Transcript from the "Base Condition Location" Lesson
>> Kyle Simpson: Now there's one little part of this particular recursive algorithm that I want to call out. This is sort of a little nuance, but it actually can sometimes lead to better solutions. So I wanna at least call this out. There's one thing that's always kinda bugged me about recursive solutions the base condition here is at that very last time.
[00:00:19] Remember we've got a string that's 100 characters long, and we pass in that final empty string. We make a function call. We pass in an empty string just so that we get zero back out. What has annoyed me always is that always felt like a completely wasted function call.

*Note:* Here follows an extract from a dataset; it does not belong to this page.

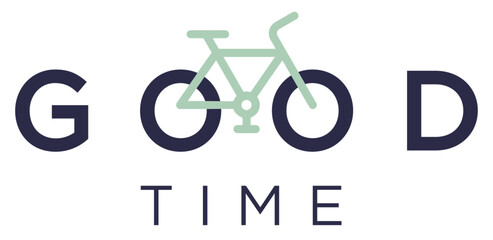 good time lettering, happy time concept, summer, logo, bicycle,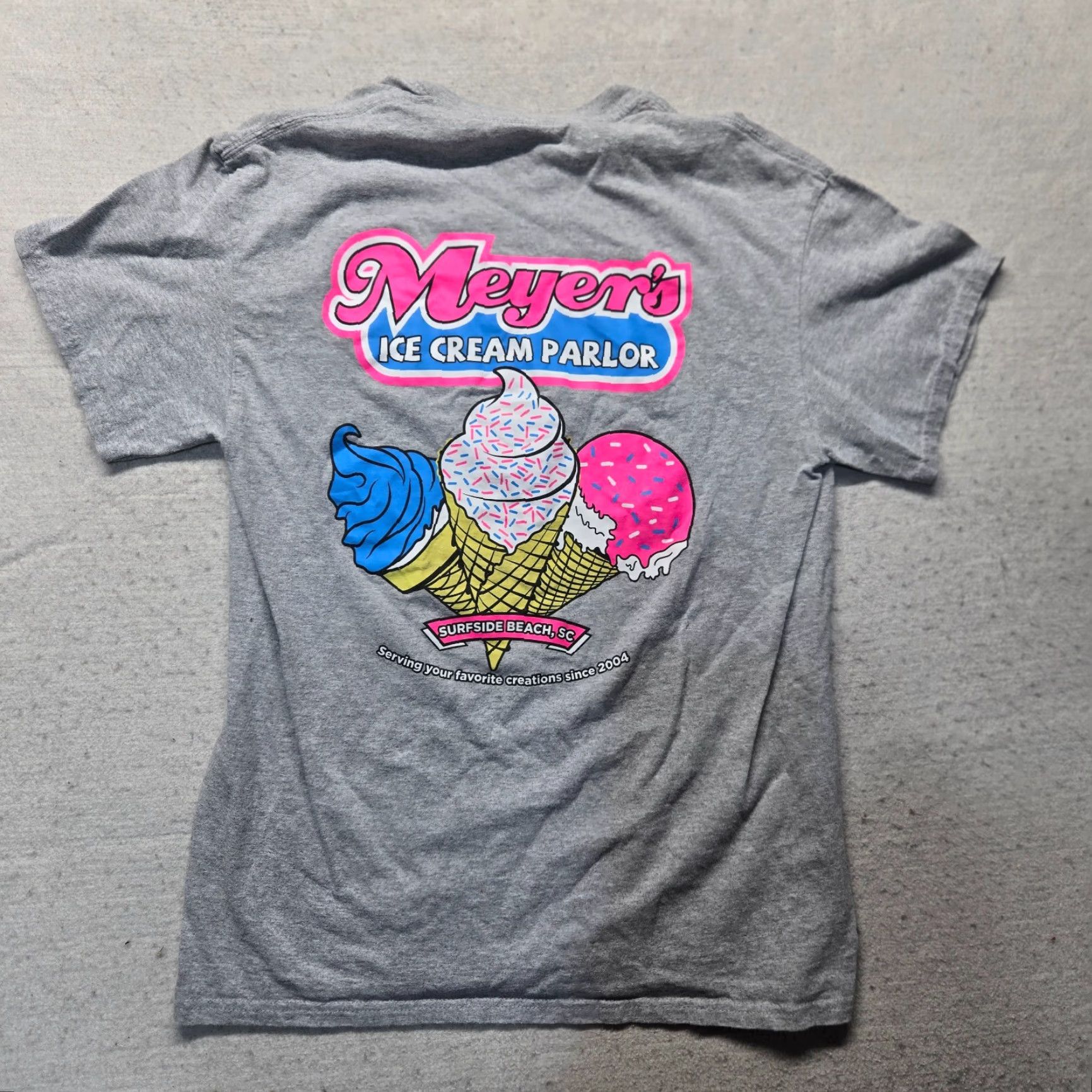 Vintage Meyer’s Ice Cream Parlor T-Shirt Surfside Beach SC Gray Adult M Aloha Beach Shirt Mens Graphic Tee Short Sleeve Crew Neck 100% Cotton Tie-dye Size US M / EU 48-50 / 2 - 5 Thumbnail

[00:00:37] If I could just look ahead one character, I could know that I don't need to make that final function call in that particular case. It's not that that final function call is the difference between a performance solution and not, okay. So I'm not making a performance question here.
[00:00:54] This is more of almost like an obsessive kind of thing, like, no, I don't want any more function calls than I ought to have. I wanna design an algorithm that only does the bare minimum necessary function calls. So is there some way for us to preserve the declarativeness of this but still avoid that final base condition?
[00:01:14] And this is the pattern, it's a slight tweak on this pattern that I want you to consider. Instead of checking our base condition first, we can reorient ourselves to simply checking everything on this first character and only doing the recursion if there's actually more work to do. It's not as complex as that may sound.
[00:01:32] So let's take a look. Here I'm going to compute first variable, that first variable, I'm gonna compute it first. And then my base condition is gonna look different. My base condition is going to check for a string length less than or equal to 1 rather than for 0.
[00:01:51] Because I've already computed for a single character string, I've already computed my 0 or my 1. And now I'm simply saying I only need to do more work if there's actually other stuff in the string. If I'm in an empty string or a single character string, there is no more work to do.
[00:02:10] So let's not even make the recursive colon that case, simply return the 0 or the 1. And if we've passed that return statement on line 3, we know there is more work to do. And we simply do the same work we did before which is first + the rest of the string, the count to the rest of the string.
[00:02:27] It's just a slight tweak on the way of thinking, but it says, do the work now, think about the work now, and then decide if there's anymore work to do. Rather than sort of thinking about it in terms of deferring the work until later. It just changes the position of the basic condition.
[00:02:43] And I've often found that that little tweak, even though it's sort of servicing my obsessiveness of not doing extra function calls. Actually that little tweak sometimes, unlocks better optimizations for recursion. So it's something to keep in your mind. It's something to make sure you're aware of.